In this paper, we study the necessity of federated learning (FL) for online linear regression with decentralized data. Previous work proved that FL is unnecessary for minimizing regret in full information setting, while we prove that it can be necessary if only limited attributes of each instance are observed. We call this problem online sparse linear regression with decentralized data (OSLR-DecD). We propose a federated algorithm for OSLR-DecD, and prove a lower bound on the regret of any noncooperative algorithm. In the case of $d=o(M)$, the upper bound on the regret of our algorithm is smaller than the lower bound, demonstrating the necessity of FL, in which $M$ is the number of clients and $d$ is the dimension of data. When $M=1$, we give the first lower bound on the regret and improve previous upper bounds. We invent three new techniques including an any-time federated online mirror descent with negative entropy regularization, a paradigm for client-server collaboration with privacy protection, and a reduction from online sparse linear regression to prediction with limited advice for establishing the lower bound on the regret, some of which might be of independent interest.

关键词

Federated learningonline learning

评审与讨论

审稿意见

评分: 6置信度: 22024-10-29

This paper delves into the importance of federated learning (FL) in the context of online sparse linear regression (OSLR) with decentralized data (DecD). The authors challenge the previous consensus that FL is unnecessary for minimizing regret in full information settings by demonstrating that FL becomes essential when only limited attributes of each instance are observable.
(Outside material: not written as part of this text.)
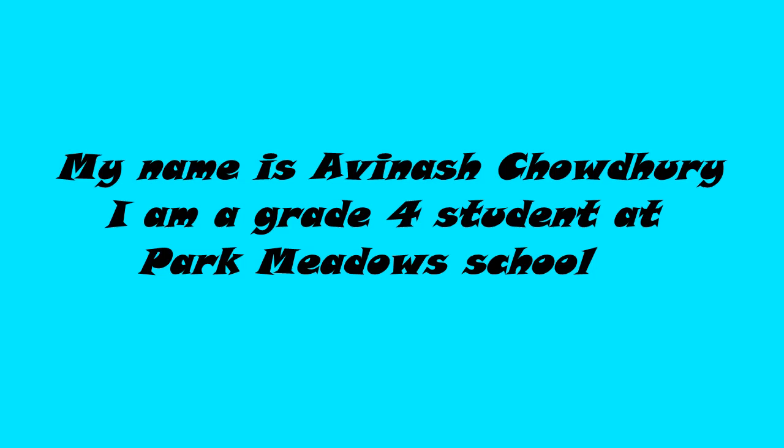My name is Avinash Chowdhury. I am a grade 4 student at Park Meadow School. Welcome to my crystal radio presentation.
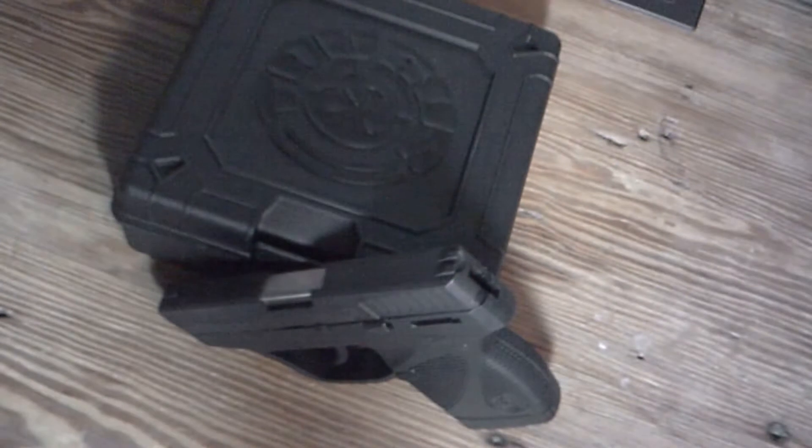Hi YouTube, thank you for watching. Today we are going to be taking a look at the Taurus TCP. I'm just going to do a quick little review on it and give you my thoughts — tell you what I like and don't like about it.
The paper introduces the problem of online sparse linear regression with decentralized data (OSLR-DecD), where data is scattered across multiple clients, and each client can only observe a limited number of attributes for each instance. The authors propose a federated algorithm called FedAMRO for OSLR-DecD and establish a lower bound on the regret of any noncooperative algorithm. They prove that in scenarios where the dimensionality of data (d) is much smaller than the number of clients (M), the upper bound on the regret of FedAMRO is smaller than the lower bound for noncooperative algorithms, thus highlighting the necessity of FL.

优点

An upper bound on the regret for FedAMRO, showing its effectiveness in OSLR-DecD.
A lower bound on the regret for any noncooperative algorithm, reinforcing the advantage of federated learning in OSLR-DecD when d is of smaller order than M.
The first lower and upper bounds on the regret for OSLR when M equals 1.
Three new techniques: any-time federated online mirror descent with negative entropy regularization, a client-server collaboration paradigm with privacy protection, and a reduction from online sparse linear regression to prediction with limited advice for establishing regret bounds.

缺点

The paper assumes that the dimensionality of data (d) is much smaller than the number of clients (M) to establish the necessity of federated learning. This assumption might not hold in real-world scenarios where the data can be high-dimensional or the number of clients limited. Whether this result can generalize to high-dimensional sparse regression method ? such as lasso?
The experimental section of the paper validates the theoretical findings on a limited number of datasets. The generalization of the results to other types of data or different problem domains is not extensively tested. A more rigorous experimental validation involving a broader and more diverse set of datasets would strengthen the paper's conclusions.

问题

How does the proposed Federated Algorithm for Online Sparse Linear Regression with Decentralized Data (FedAMRO) scale with the increase in the number of clients (M) and the dimensionality of data (d), especially when both M and d are large? What are the potential bottlenecks, and how might they be addressed?
How robust is the proposed FedAMRO algorithm to data heterogeneity across clients?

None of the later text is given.